* Work request *
Having found the line containing "Photo of 1008" in the data below, reproduce that line and each one after it to the end, exactly, and include nothing else.

═════ Given records ═════













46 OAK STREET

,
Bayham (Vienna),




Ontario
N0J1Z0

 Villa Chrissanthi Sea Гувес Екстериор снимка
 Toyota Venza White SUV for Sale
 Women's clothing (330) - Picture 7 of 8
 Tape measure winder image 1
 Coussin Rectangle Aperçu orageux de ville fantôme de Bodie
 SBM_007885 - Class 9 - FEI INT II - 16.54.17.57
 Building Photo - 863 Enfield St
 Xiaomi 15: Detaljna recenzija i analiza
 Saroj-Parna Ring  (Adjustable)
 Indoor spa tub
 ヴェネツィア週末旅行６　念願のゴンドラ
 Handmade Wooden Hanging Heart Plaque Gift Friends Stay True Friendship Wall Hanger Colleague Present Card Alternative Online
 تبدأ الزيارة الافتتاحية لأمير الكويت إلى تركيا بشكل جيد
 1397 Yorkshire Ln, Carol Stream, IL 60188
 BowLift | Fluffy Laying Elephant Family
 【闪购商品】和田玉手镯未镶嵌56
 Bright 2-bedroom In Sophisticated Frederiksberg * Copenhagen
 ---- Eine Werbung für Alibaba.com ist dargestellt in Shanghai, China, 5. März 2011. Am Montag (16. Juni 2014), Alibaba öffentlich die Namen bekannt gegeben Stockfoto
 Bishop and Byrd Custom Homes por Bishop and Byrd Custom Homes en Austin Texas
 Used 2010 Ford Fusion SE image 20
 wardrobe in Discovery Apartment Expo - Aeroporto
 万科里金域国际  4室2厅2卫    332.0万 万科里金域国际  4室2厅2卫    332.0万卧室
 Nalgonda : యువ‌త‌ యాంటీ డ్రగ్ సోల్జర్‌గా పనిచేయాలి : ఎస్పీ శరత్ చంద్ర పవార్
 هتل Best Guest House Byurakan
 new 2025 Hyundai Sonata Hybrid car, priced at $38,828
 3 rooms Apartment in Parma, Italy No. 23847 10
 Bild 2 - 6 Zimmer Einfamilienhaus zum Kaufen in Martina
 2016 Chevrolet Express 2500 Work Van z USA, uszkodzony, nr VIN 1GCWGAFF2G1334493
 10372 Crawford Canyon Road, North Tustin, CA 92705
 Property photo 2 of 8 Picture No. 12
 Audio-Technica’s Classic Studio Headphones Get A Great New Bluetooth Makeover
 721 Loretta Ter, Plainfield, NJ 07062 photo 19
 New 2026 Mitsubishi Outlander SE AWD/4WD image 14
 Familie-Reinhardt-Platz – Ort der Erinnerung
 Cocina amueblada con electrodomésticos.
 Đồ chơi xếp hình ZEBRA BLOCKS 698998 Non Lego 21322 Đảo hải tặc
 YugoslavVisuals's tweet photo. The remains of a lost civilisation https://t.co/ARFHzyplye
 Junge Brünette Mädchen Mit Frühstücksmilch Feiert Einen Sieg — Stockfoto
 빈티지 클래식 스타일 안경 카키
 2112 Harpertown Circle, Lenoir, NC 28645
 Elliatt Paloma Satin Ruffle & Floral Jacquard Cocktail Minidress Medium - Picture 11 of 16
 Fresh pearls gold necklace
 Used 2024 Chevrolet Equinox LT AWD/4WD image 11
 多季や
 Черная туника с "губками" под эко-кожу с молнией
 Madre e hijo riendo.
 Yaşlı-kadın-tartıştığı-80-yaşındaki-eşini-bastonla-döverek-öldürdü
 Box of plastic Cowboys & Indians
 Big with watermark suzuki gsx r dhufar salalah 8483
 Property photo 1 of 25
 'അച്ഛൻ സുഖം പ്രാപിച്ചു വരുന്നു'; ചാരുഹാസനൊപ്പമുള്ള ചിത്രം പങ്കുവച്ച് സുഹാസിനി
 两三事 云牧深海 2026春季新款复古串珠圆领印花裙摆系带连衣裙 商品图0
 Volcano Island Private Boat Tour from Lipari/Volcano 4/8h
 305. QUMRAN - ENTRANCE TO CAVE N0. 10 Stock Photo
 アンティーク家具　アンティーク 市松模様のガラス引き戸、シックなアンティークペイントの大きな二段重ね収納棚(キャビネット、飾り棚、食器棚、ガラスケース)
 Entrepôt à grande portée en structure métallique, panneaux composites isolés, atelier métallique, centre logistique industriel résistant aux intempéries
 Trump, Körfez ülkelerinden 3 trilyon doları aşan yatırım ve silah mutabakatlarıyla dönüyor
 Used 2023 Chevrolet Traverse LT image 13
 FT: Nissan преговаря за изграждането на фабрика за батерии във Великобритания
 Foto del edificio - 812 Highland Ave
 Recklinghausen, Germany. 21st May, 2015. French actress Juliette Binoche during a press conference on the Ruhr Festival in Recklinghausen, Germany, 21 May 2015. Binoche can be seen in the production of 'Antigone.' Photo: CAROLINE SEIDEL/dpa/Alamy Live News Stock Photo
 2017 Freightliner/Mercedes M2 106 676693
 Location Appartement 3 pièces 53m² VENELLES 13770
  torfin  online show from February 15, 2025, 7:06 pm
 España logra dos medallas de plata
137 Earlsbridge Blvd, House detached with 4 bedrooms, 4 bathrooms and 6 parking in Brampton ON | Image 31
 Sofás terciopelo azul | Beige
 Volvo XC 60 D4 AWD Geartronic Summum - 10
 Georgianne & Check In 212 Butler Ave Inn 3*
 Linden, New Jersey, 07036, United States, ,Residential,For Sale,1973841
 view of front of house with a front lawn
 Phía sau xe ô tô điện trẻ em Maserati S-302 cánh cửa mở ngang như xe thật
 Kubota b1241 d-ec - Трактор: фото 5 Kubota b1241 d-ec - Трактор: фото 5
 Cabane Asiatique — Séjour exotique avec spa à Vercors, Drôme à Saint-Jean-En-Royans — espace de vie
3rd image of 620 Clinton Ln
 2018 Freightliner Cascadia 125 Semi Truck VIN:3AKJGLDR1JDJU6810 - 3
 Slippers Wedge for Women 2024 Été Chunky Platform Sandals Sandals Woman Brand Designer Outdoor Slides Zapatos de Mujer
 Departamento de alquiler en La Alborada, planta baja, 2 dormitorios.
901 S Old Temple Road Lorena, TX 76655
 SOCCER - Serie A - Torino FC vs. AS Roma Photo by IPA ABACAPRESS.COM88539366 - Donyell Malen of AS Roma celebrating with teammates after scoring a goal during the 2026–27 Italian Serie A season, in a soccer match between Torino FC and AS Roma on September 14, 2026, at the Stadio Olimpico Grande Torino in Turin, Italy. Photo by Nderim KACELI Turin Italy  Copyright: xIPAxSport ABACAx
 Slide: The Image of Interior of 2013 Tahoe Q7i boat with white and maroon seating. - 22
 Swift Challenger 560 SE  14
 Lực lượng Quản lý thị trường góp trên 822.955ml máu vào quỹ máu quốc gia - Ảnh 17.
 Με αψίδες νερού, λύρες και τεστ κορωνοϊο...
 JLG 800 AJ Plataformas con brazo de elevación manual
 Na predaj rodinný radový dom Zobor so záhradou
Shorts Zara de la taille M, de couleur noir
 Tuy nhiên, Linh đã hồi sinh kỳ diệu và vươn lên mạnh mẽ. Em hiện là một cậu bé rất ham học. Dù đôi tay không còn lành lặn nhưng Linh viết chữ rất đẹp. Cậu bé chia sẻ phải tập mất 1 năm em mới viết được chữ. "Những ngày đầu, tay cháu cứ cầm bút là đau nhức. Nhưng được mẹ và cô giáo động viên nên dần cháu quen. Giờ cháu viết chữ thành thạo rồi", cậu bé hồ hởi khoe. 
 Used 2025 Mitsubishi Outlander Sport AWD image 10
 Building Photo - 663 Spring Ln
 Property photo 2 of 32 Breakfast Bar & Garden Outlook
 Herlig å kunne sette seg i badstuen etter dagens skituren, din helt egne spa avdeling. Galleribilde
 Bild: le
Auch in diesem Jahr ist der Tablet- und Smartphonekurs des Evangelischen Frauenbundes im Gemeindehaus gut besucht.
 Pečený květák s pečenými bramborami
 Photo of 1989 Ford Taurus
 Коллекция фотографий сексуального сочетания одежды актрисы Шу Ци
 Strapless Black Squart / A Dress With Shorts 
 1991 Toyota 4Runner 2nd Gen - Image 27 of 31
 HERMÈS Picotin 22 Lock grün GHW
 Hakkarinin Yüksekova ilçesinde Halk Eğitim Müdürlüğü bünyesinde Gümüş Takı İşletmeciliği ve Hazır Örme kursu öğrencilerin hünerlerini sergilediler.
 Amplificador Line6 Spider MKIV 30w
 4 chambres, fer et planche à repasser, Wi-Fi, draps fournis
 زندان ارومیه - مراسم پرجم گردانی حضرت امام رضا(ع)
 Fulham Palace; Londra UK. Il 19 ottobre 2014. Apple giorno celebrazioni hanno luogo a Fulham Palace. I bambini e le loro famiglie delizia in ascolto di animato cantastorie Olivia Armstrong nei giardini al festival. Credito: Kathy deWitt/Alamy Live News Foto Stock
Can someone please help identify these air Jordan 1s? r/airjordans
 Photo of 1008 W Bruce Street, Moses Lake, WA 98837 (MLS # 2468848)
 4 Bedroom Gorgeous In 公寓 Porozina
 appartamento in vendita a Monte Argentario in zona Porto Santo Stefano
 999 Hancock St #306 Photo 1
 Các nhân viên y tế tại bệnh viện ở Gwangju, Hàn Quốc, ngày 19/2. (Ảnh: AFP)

═════

* Task solution *
 Photo of 1008 W Bruce Street, Moses Lake, WA 98837 (MLS # 2468848)
 4 Bedroom Gorgeous In 公寓 Porozina
 appartamento in vendita a Monte Argentario in zona Porto Santo Stefano
 999 Hancock St #306 Photo 1
 Các nhân viên y tế tại bệnh viện ở Gwangju, Hàn Quốc, ngày 19/2. (Ảnh: AFP)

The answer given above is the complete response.